I don't think we need more four seasons like places. What we need more of is places like Assembly, Avalon North Station, etc. Places with rents between 2-3k a month. That's affordable for most white collar couples and will reduce pressure on the older housing stock.

This. There needs to be more focus on this. I think the Charlestown redevelopment is another good example but I believe it doesn't go far enough. The city should allow developers to build bigger with expanding affordable housing as a bargaining chip. Maintaining the existing stock doesn't do anything.
 
I think one glaring problem that is preventing housing prices to fall is the arms race to provide the best amenities which drives up the cost. It is similar to the problem that many universities face, i.e. universities spending tons and tons of money on amenities to compete for students, which essentially drives up the cost of tuition and dorm fees. The housing market is no different, with each new luxury building touting the best amenities that aren't necessary for the average resident and charging an exorbitant fee for them. Having developers build simple apartments would go a long way in dampening prices.
 
There's some weird economic theories surfacing in this thread.

In 2016, Boston had the highest Gini Index of any large American city. (High is generally considered bad.). (Allowing for possible distortion because of Boston's student population)

https://www.brookings.edu/research/...lity-on-the-rise-driven-by-declining-incomes/

http://www.sfchronicle.com/bayarea/...near-the-top-in-income-inequality-6794731.php

When those with household incomes in the top five percent are driving and distorting the local housing market, the law of supply and demand eventually catches up.
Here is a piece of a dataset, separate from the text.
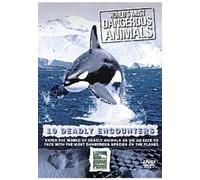 The World's Most Dangerous Animals: Deadly Encounters [DVD]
When the housing demand of the top five percent is satisfied, developers won't be adding to the supply of housing for those people. And what is the incentive in Boston, where available land is very scarce, for developers to build housing for those in the bottom half of the income cohort?
 
The market dynamics behind this are admittedly entirely unreplicatable in Boston, but the USD 2-3k a month range seems to be the sweet spot for developers here in Tokyo. There are nine midrises between 15 and 20 floors going up in my neighborhood, all with rents in this range. Probably about 150 of these going up throughout the city now. Usually the top few floors have larger units which go for USD 5k or so, but most of the units are USD 2-3k. Or they sell for about USD 450-500k. Not super cheap, but affordable for a white collar couple bringing in around USD 140k a year (or someone single making around USD 75-80k).
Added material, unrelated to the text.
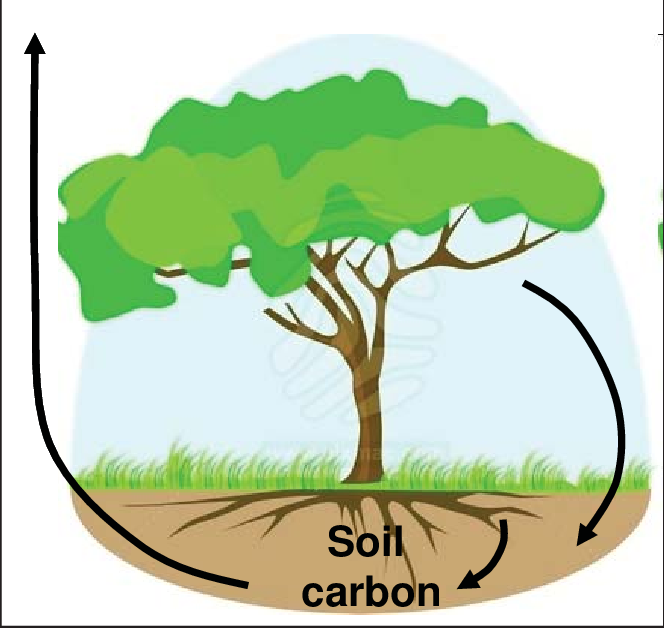 A Schematic Presentation Of A Model-based Soil Carbon - Tree With Roots (664x628)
Plus interest rates here are ridiculous. I'm paying 0.65% annually on a 30 year mortgage.
 
I think one glaring problem that is preventing housing prices to fall is the arms race to provide the best amenities which drives up the cost. It is similar to the problem that many universities face, i.e. universities spending tons and tons of money on amenities to compete for students, which essentially drives up the cost of tuition and dorm fees. The housing market is no different, with each new luxury building touting the best amenities that aren't necessary for the average resident and charging an exorbitant fee for them. Having developers build simple apartments would go a long way in dampening prices.

Fantastic post. Maybe this can occur at Dudley Square. *There was another proposed highrise with a similar concept that was sacked.
 
You just said that the best solution is to keep building luxury stuff so that older buildings will fall to the lower bracket. Who builds the luxury stuff? Developers. Who's not going to keep building the luxury stuff if they can't make a profit? Developers. That's the linchpin to your solution and if that first half doesn't happen, neither would the second half.

Housing is, to a reasonabke degree, pretty fungible. These new upper income tenants aren't appearing out of thin air, so they'll be freeing up less valuable units, which can be occupied by those with lower incomes, and they, in turn, free up their old units, and it just works its way down.
 
Isn't Simon Cooley tower being built over the Mass Pike? That likely raises costs well above a building build on solid ground.